E por que tanta demora com os carros autônomos? A tecnologia não está mais do que madura? Para começar, existe o desafio regulatório. Quem se torna responsável pelo quê nas ruas tomadas pelos autônomos? Depois, há a dificuldade da produção, pois adaptar as fábricas será um problema enorme. Além disso, ainda falta estabelecer um modelo de negócios. Quem é o concorrente do carro autônomo? O taxista, o motorista de Uber, que fornecem serviços baratos. Do ponto de vista econômico, os automóveis automatizados valerão os custos? São perguntas que precisam ser feitas.
“O carro autônomo representa o maior desafio tecnológico de nossa geração, equivalente ao desenvolvimento da internet, ou da bomba atômica”
Mas quanto tempo, afinal, levará para vermos veículos autônomos pelas ruas e avenidas das grandes cidades do Brasil, por exemplo? Algumas décadas, pelo menos. Já existem modelos por aí, mas em situações controladas. E eles não estão disponíveis para a população em geral.
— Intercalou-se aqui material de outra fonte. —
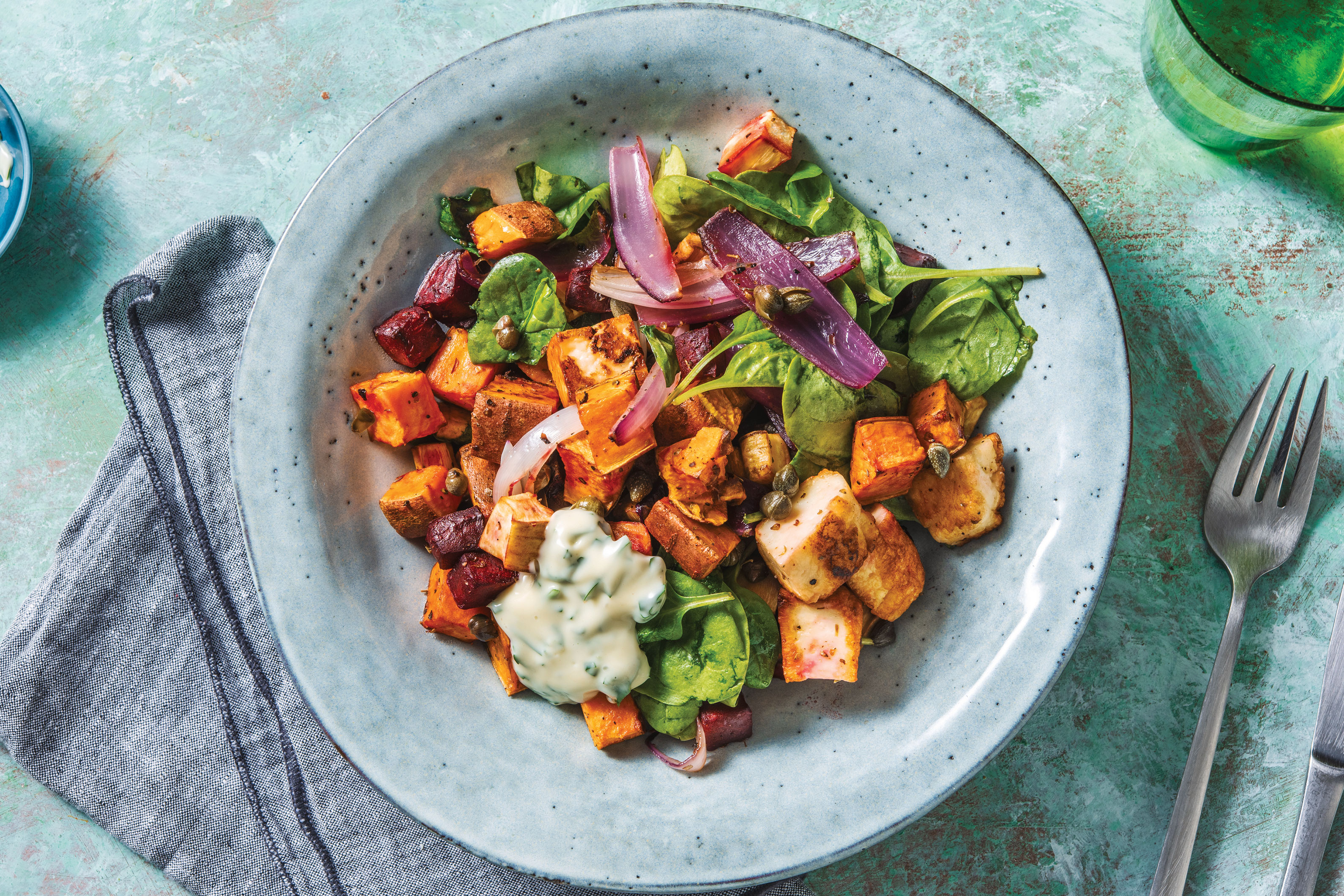 Haloumi & Roast Veggie Traybake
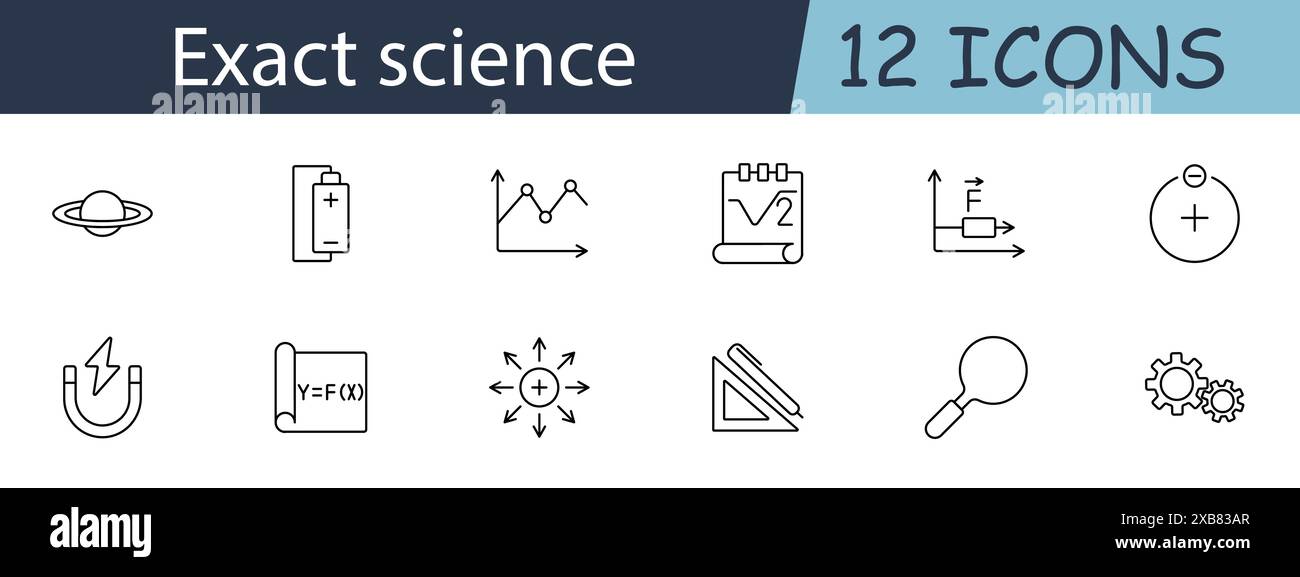 Exact science set icon. Planet, battery, graph, square root, force, particle, magnet, function, vector, protractor, magnifier, gears. Scientific conce Stock Vector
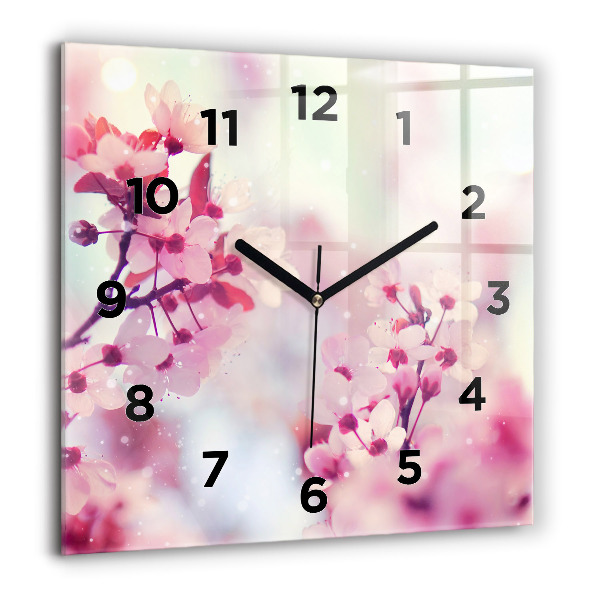 Square glass wall clock Spring flowers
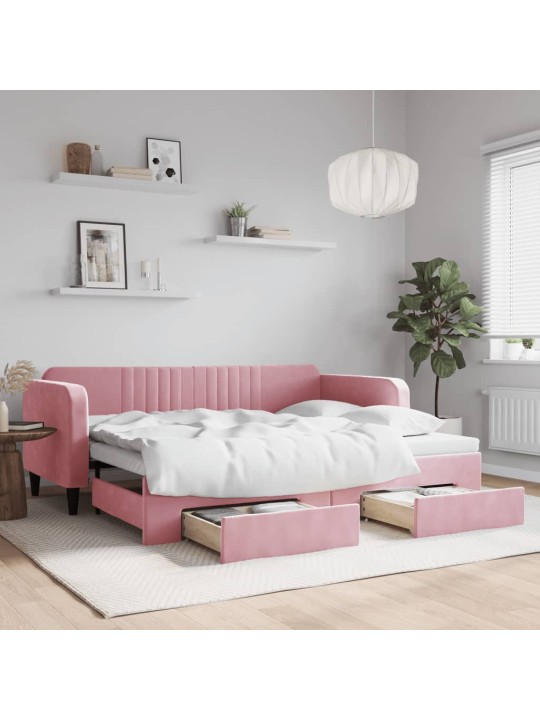 Válenda s přistýlkou a zásuvkami růžová 90 x 200 cm samet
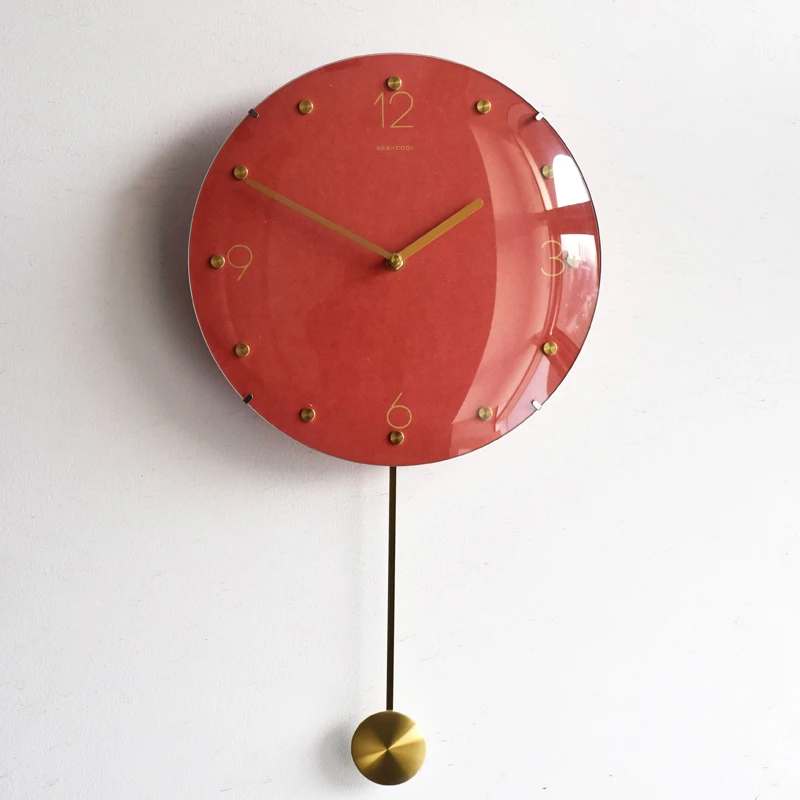 

Vintage Nordic Wall Clock Pendulum Metal Red Parts Classic Mechanical Clock Bedroom Silent Horloges Murales House Decoration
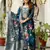 blue floral printed kurta set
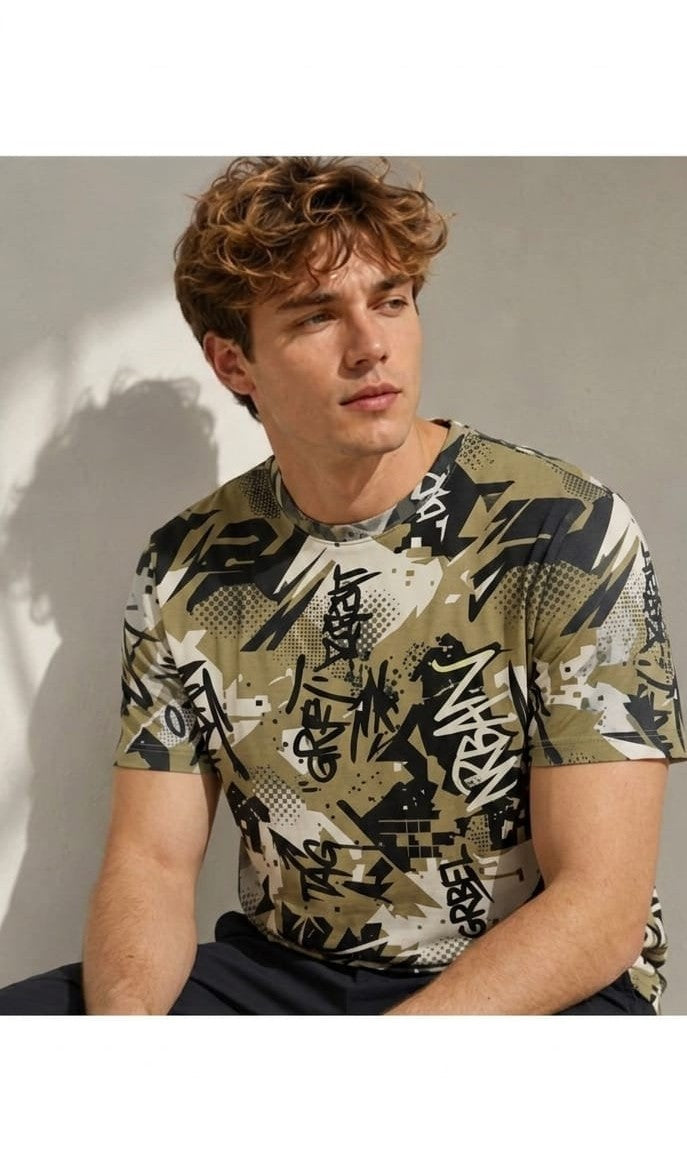 SLEEV Urban Graffiti All-Over Print Oversized T-Shirt | Premium 240 GSM Unisex Streetwear Graphic Tee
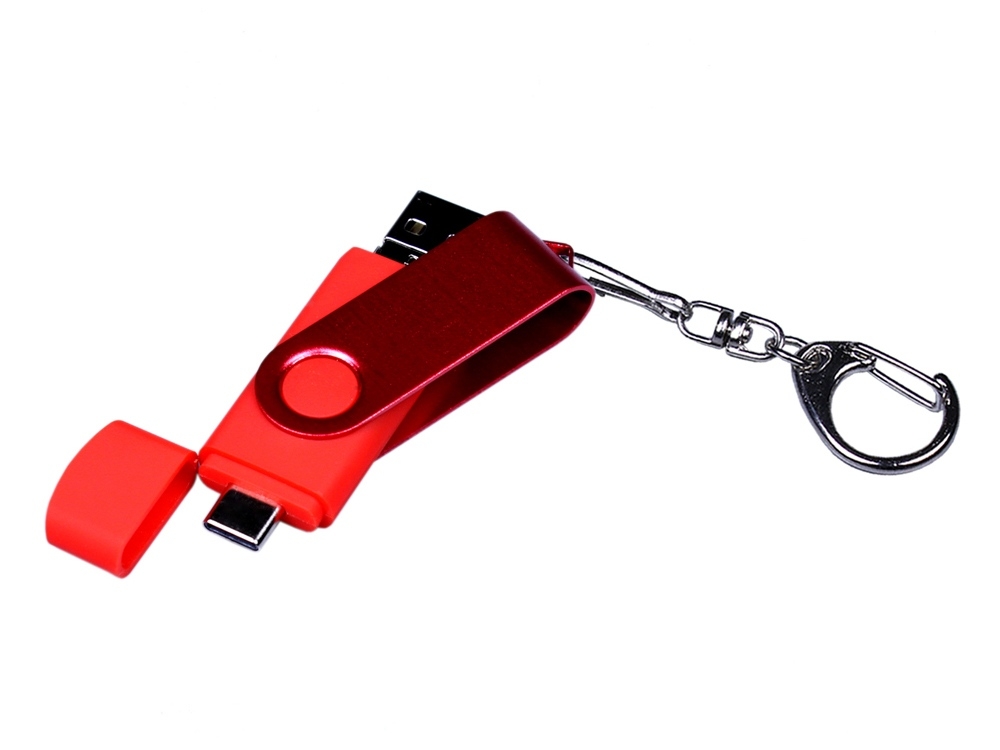 USB 2.0/micro USB/Type-С- флешка на 32 Гб 3-в-1 с поворотным механизмом, красный, пластик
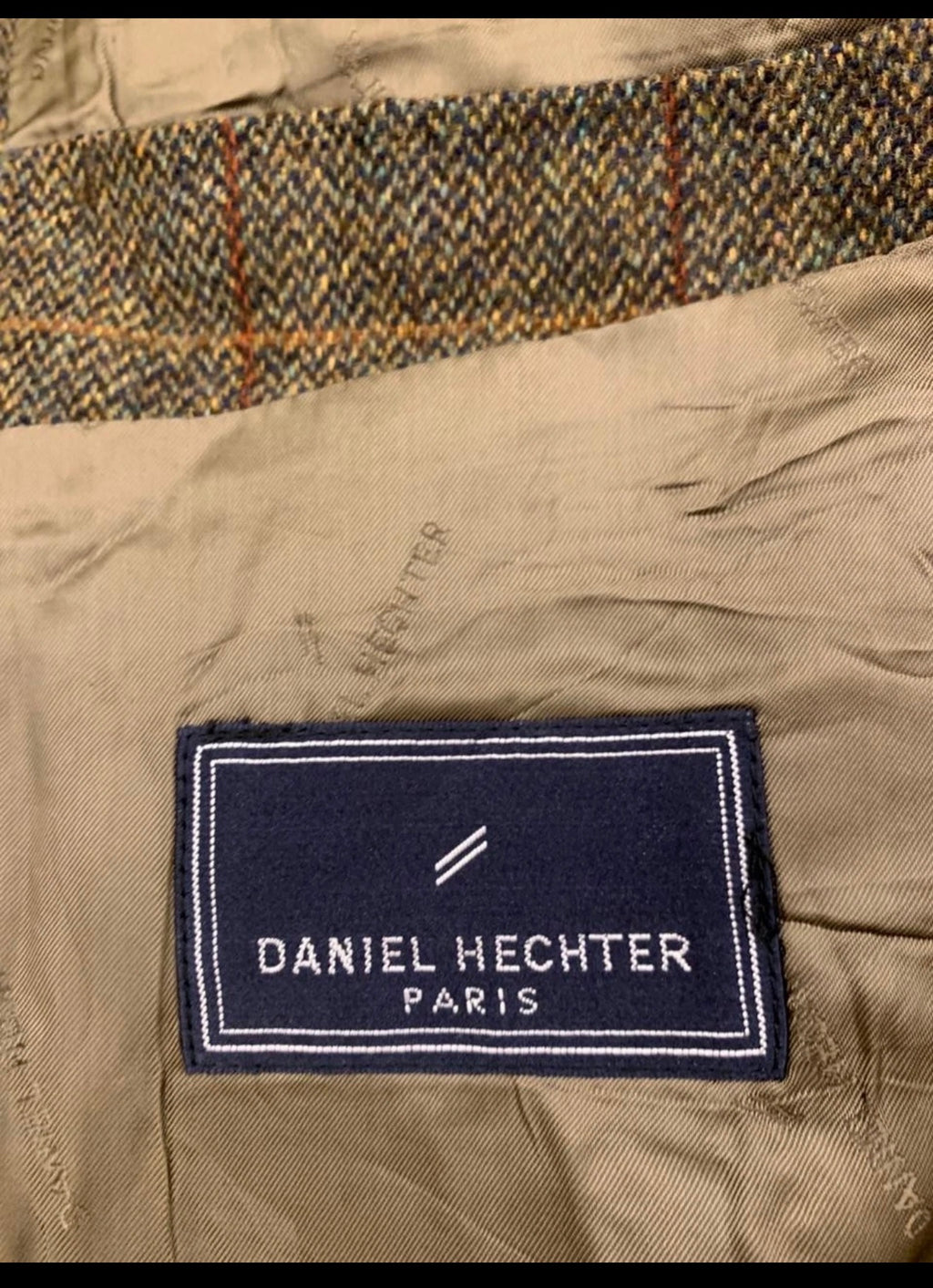 Vintage Daniel Hechter pure wool Tweed Windowpane hunting jacket blazer 40R
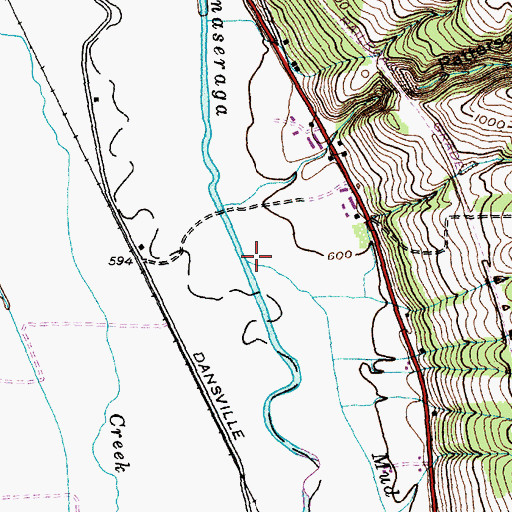 Topographic Map of Mud Creek, NY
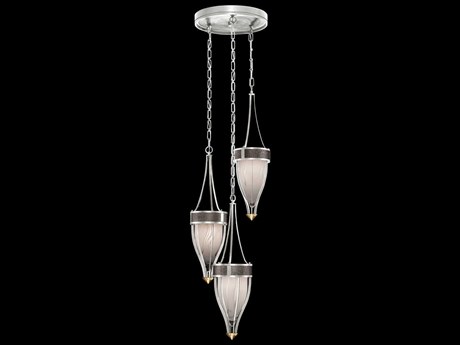 Fine Art Handcrafted Lighting Mirage 3-Light Silver Leaf Traditional Pendant
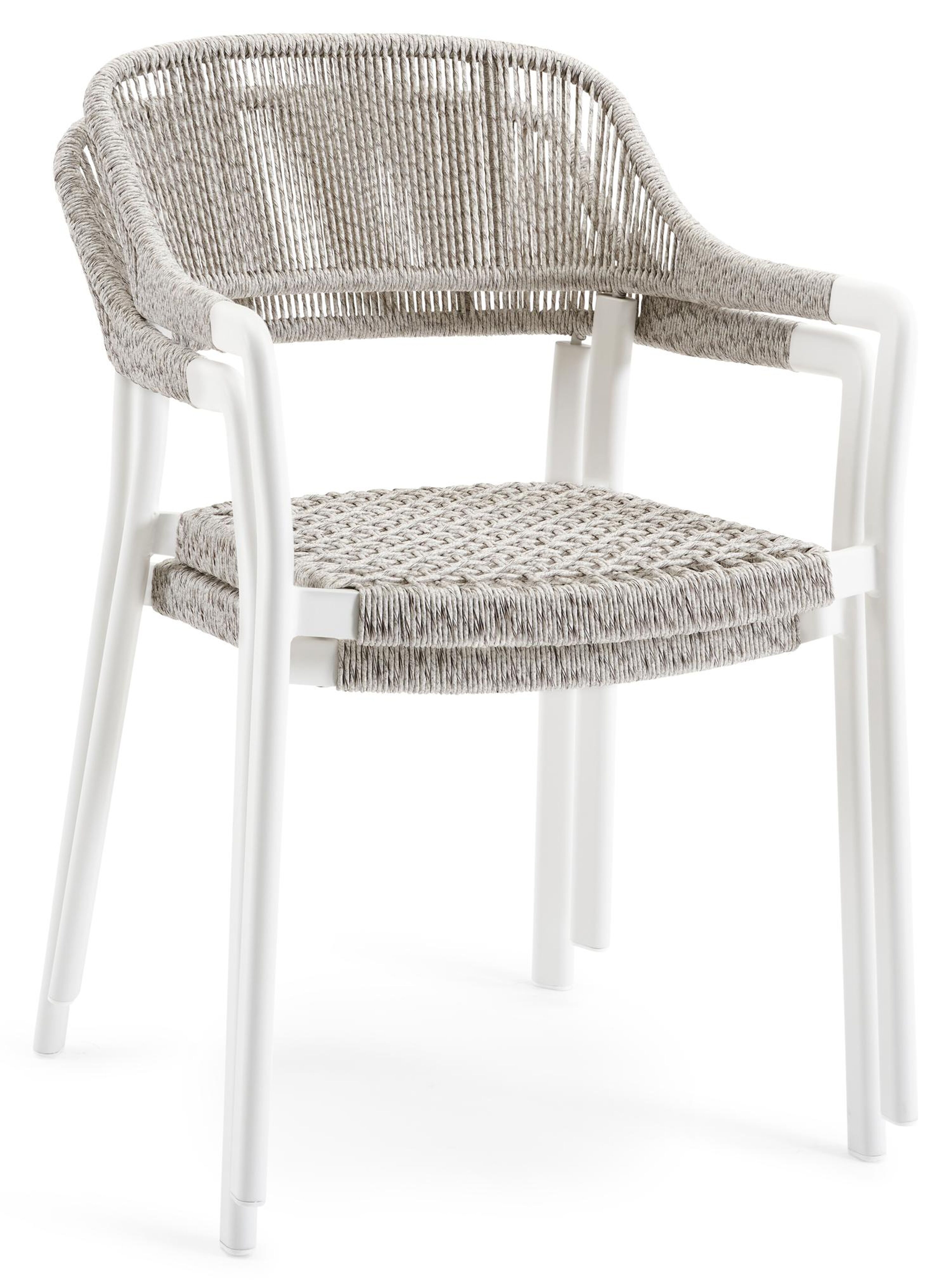 Cesano stapelbare tuinstoel in wit aluminium en wit-grijs wicker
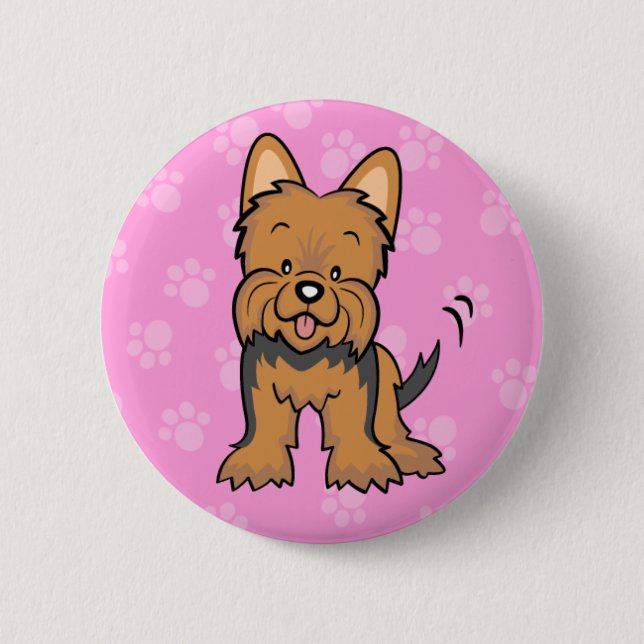 Niedlicher Cartoon-HundYorkie Knopf Button (Vorderseite)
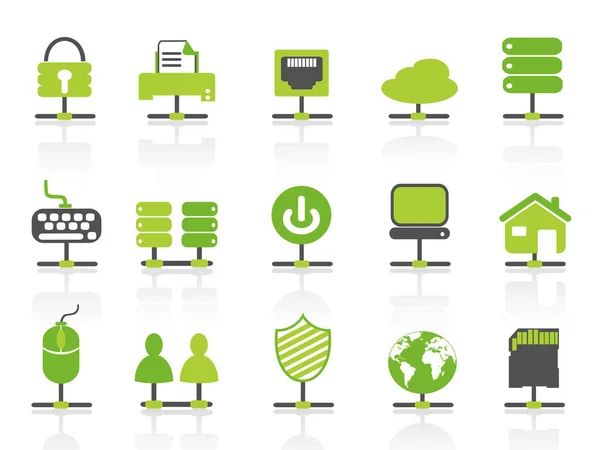 Green color network connection icons set — Stock Vector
Talvez tenha havido exagerada celebração da chegada dos autônomos. Não seriam necessárias antes adaptações tecnológicas? Sim. Nesse ponto, na verdade, ninguém sabe ainda qual será o modelo de autônomo que vingará. Antes de tudo é preciso garantir 100% de eficiência sem um humano na direção. Teoricamente, facilitaria se os governos municipais participassem da implementação, instalando sensores pelas ruas, que ajudariam a guiar o computador dos automóveis. Contudo, não podemos contar com esse esforço por parte do poder público. Por isso, o caminho será fazer com que o veículo “enxergue” como um humano. Em vez de reagir a estímulos de outras tecnologias, o autônomo deverá, por si só, verificar se o semáforo está vermelho ou verde. Só quando isso ocorrer é que se poderá imaginar uma profusão de carros guiados por inteligência artificial.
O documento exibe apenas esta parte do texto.